= Brendan Simms =

Academic

Brendan Peter Simms (born 1967, Dublin) is a Professor of the history of international relations in the Department of Politics and International Studies at the University of Cambridge.

==Early life==
Brendan Simms is the son of Anngret and David Simms, a professor of mathematics. He is also a grand-nephew of Brian Goold-Verschoyle, a member of the Communist Party of Ireland, who became a Soviet spy and died in a Soviet gulag in 1942.

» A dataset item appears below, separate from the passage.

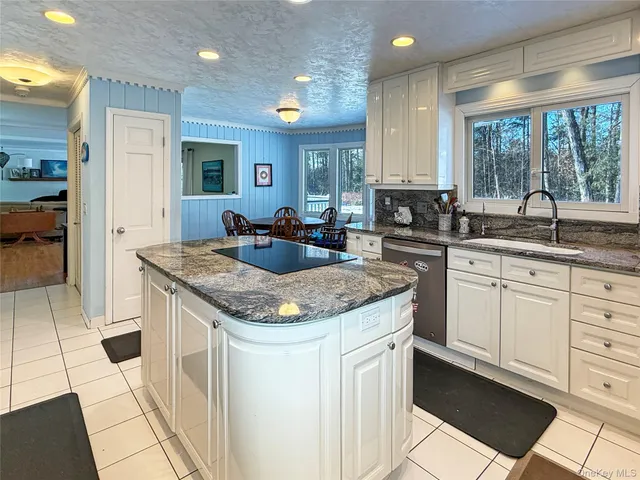 a kitchen with stainless steel appliances granite countertop a sink stove and cabinets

Simms was brought up in the Roman Catholic faith. He studied at Trinity College Dublin, where he was elected a Scholar in 1986, before completing his doctoral dissertation, Anglo-Prussian relations, 1804–1806: The Napoleonic Threat, at Peterhouse, Cambridge, under the supervision of Tim Blanning in 1993.

==Career==
Simms became a Fellow of Peterhouse and now also serves as Professor of the History of European International Relations at the University of Cambridge, where he lectures and leads seminars, specializing in international history since 1945.

In addition to his academic work, Simms also serves as the president of the Henry Jackson Society, which advocates the view that supporting and promoting liberal democracy and liberal interventionism should be an integral part of Western foreign policy, and as President of the Project for Democratic Union, a Munich-based student-organised think tank.

He has advocated that the Eurozone should create a United States of Europe, and also that this should continue the traditions of the Holy Roman Empire, appointing an elected Emperor.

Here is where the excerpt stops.